Second, you will be removing your floor to clean the boat if you run a silty river. Removing it is not hard or time consuming once you figure out the method (you'll curse until then), but it's the only way to really clean it. The floor folds up easily when deflated and removed. I ran the San Juan, and there was a thin layer of silt on one end when we took out. Took the floor out, threw some buckets of river water in there...good to go until a complete home cleaning. It is a little harder to put it in than take it out, so I always try to replace the floor when full cleaning is done so I don't have to deal with it at a put in. The whole boat needs to be deflated in my experience to replace the floor, but I can get the floor out with the main tubes up. For people that use trailers this would probably get very irritating, and may be the tipping point for looking at a stitch in floor. 

Third, like other drop stitch floors, it's stiff, which means it is very nice to stand on but also seems to make the boat stickier on the rocks. Solution: run it soft on bony runs. 
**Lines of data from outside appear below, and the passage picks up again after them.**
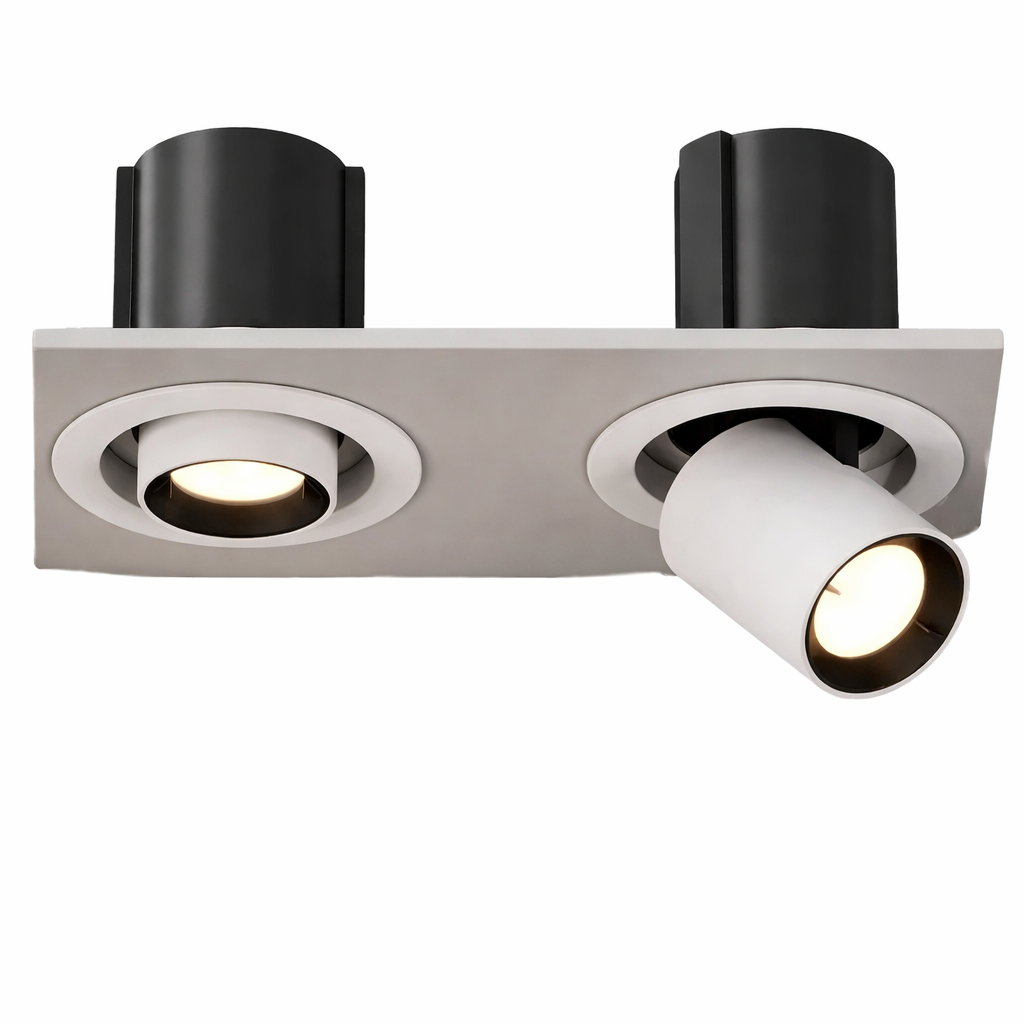 Elephant Trunk Down Light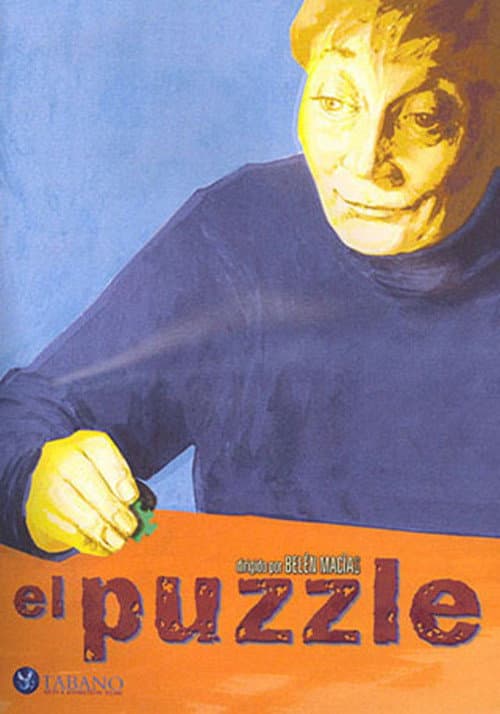 Poster for El puzzle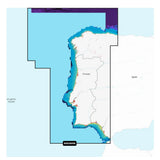 Garmin Navionics Vision+ NVEU009R Portugali ja Espanja, luoteinen karttakortti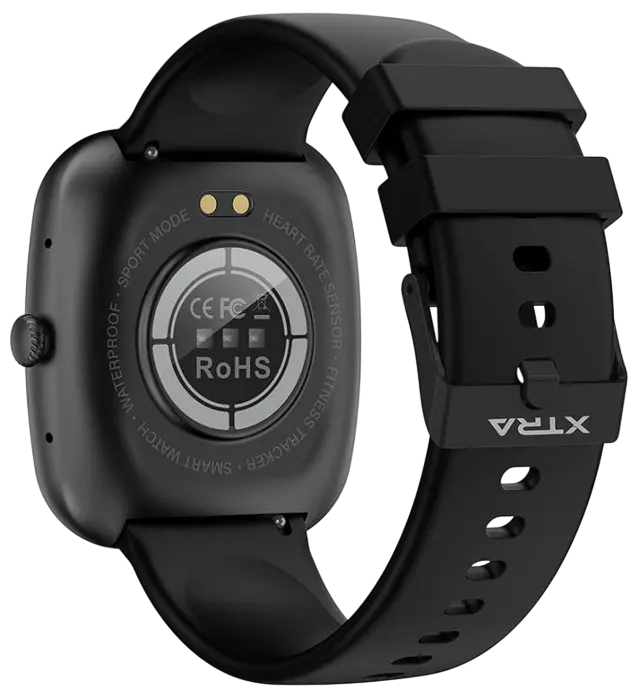 XTRA Active S5 Pro Back Side
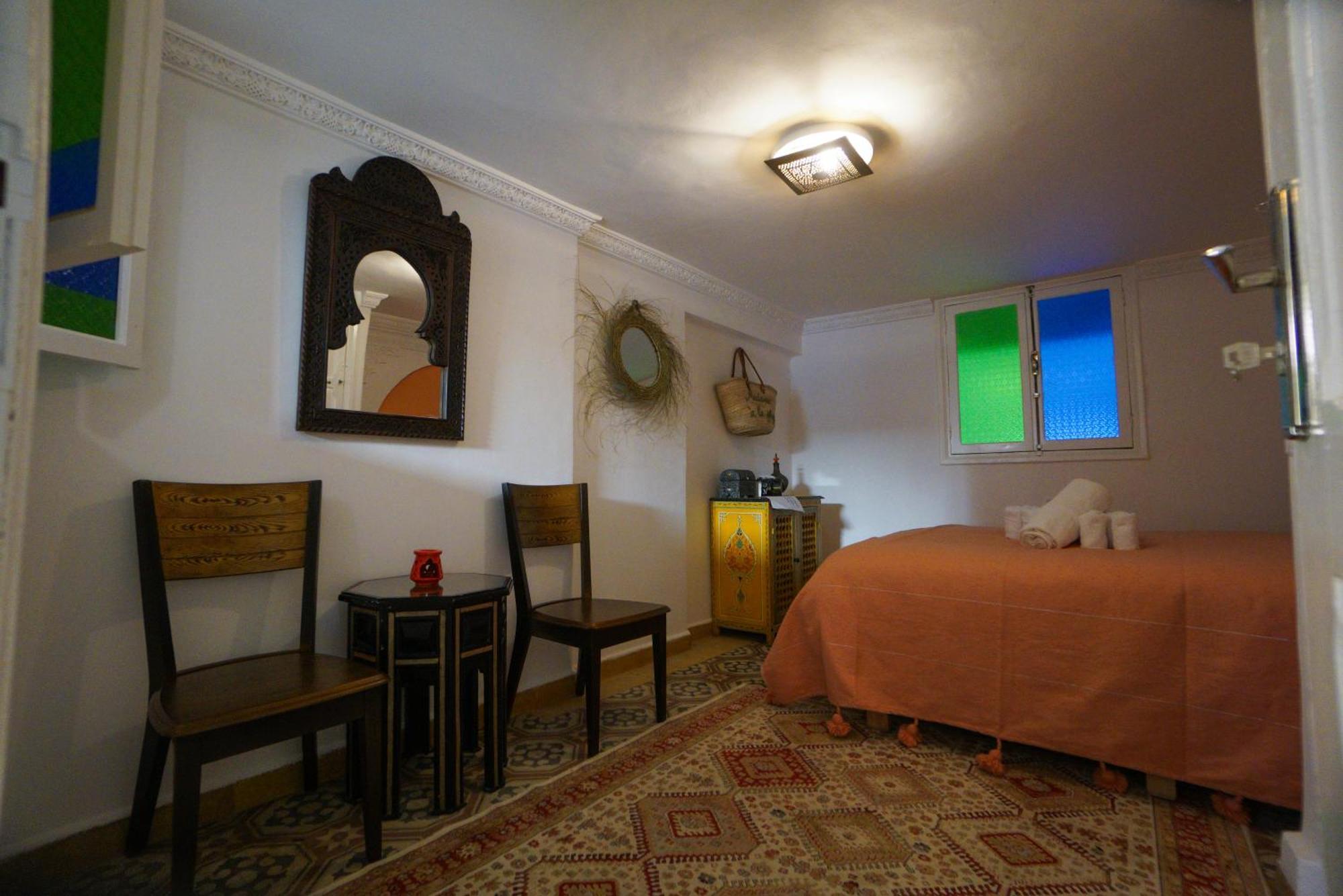 Dar Amr Apartment Танжер Екстериор снимка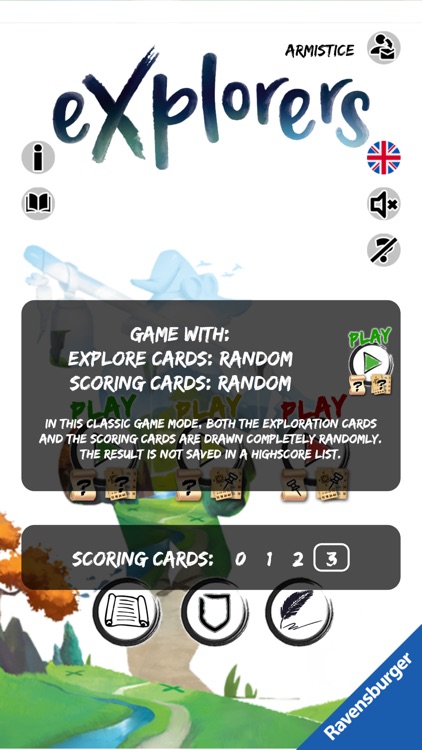 Explorers - The Game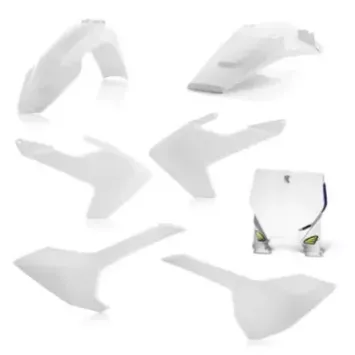 KIT PLASTIQUE CYCRA TC FC 16-18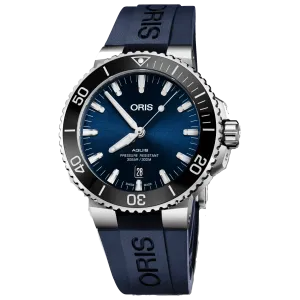 Oris Aquis Date 43.5mm Mens Watch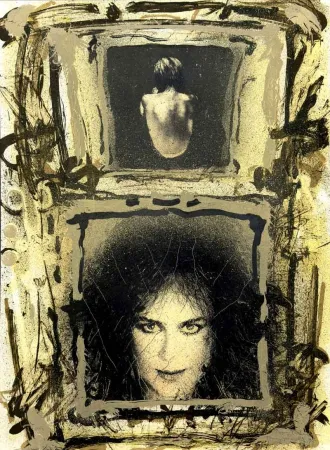 Lithograph Trampedach - Sans titre 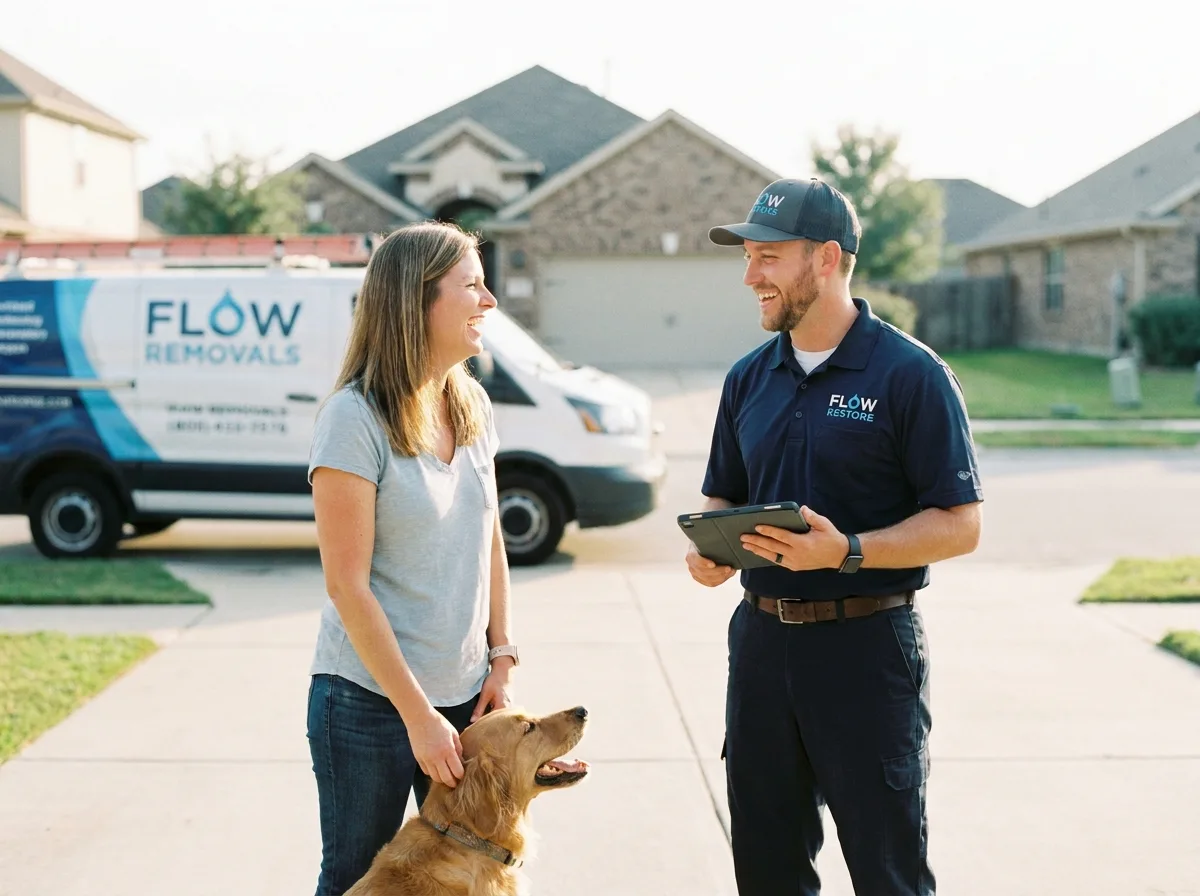 Water Removal Cambria, IL FAQs
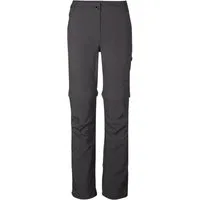 Killtec Zip-off-Hose KOS 5 WMN PNTS Abzippbare, wasserabweisende Funktionshose mit Stretch und Taschen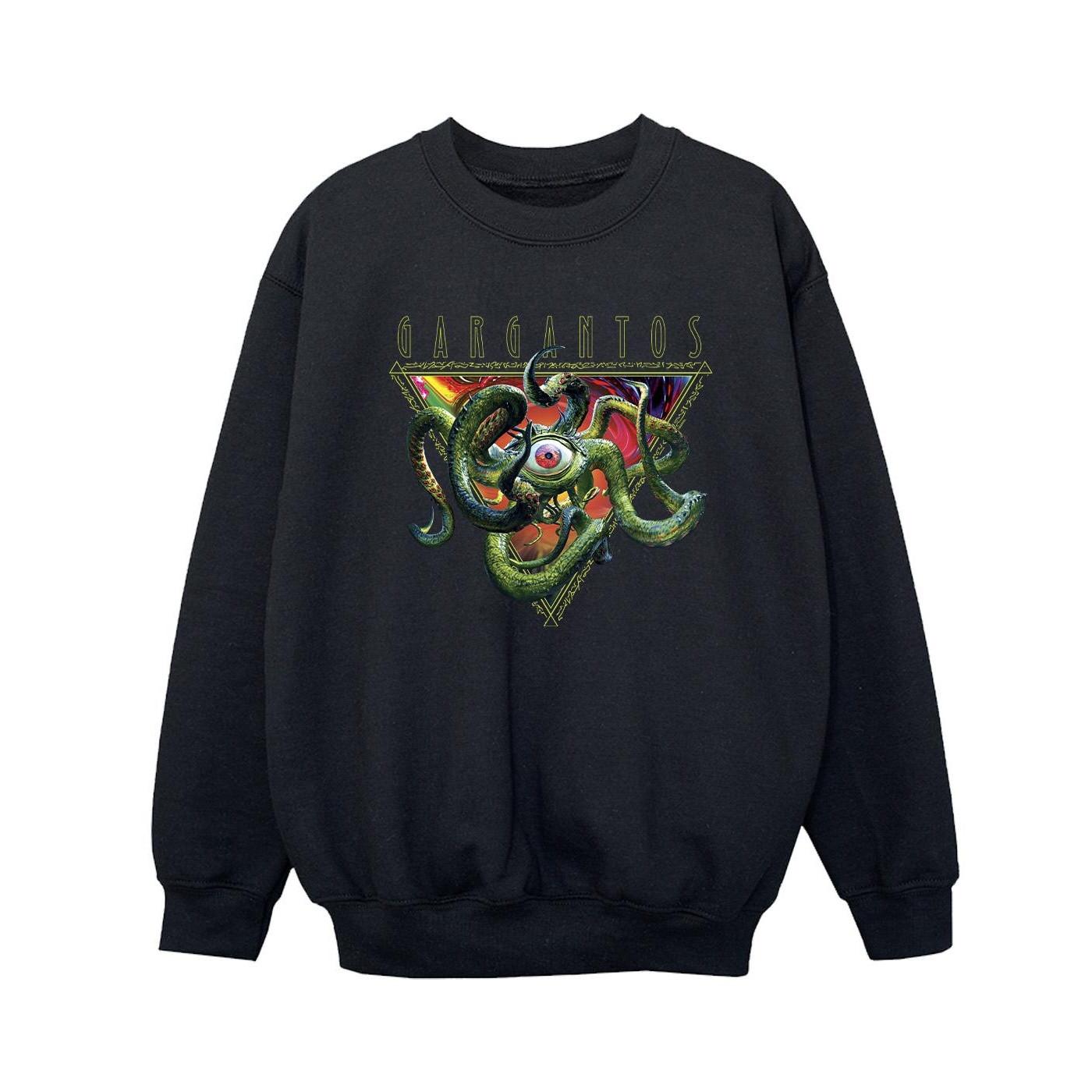 Image of Doctor Strange Gargantos Sweatshirt Jungen Schwarz 152-158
I think that is it, really. It is obviously a way to keep the costs down for NRS, although you do get something people are willing to pay extra for in other boats. The fixed floor is thick and non-air holding and is protective in that way both on the river and rolled. Water bails right out, no problem. Boat floats. Seams are welded. A person can use it to go rafting on rivers.


----------



## scoop (Oct 11, 2014)

There seems to be a lot of good boats for sale in the classifies. I'd pick-up a higher quality used boat or cat if it were me.


----------



## smhoeher (Jun 14, 2015)

A friend of mine borrowed the bought my old Odyssey bucket boat and used it a few times. He decided to go all hog into rafting. Here's my educated estimate of what he bought, all new. He bought almost everything at Whitewater West in Grand Junction:

- NRS 15' Otter, $4500
- NRS frame, including the mounts for a motor, $1725
- 3 Cataract oars, $825 
- Cooler, dry box, drop bag, etc. $1100
-Bimini, $500
- 6 hp Mercury motor, $2500
- Trailer, $3000
-Misc. straps, ropes, gear, etc. - $800

Total - $15450!!!!


----------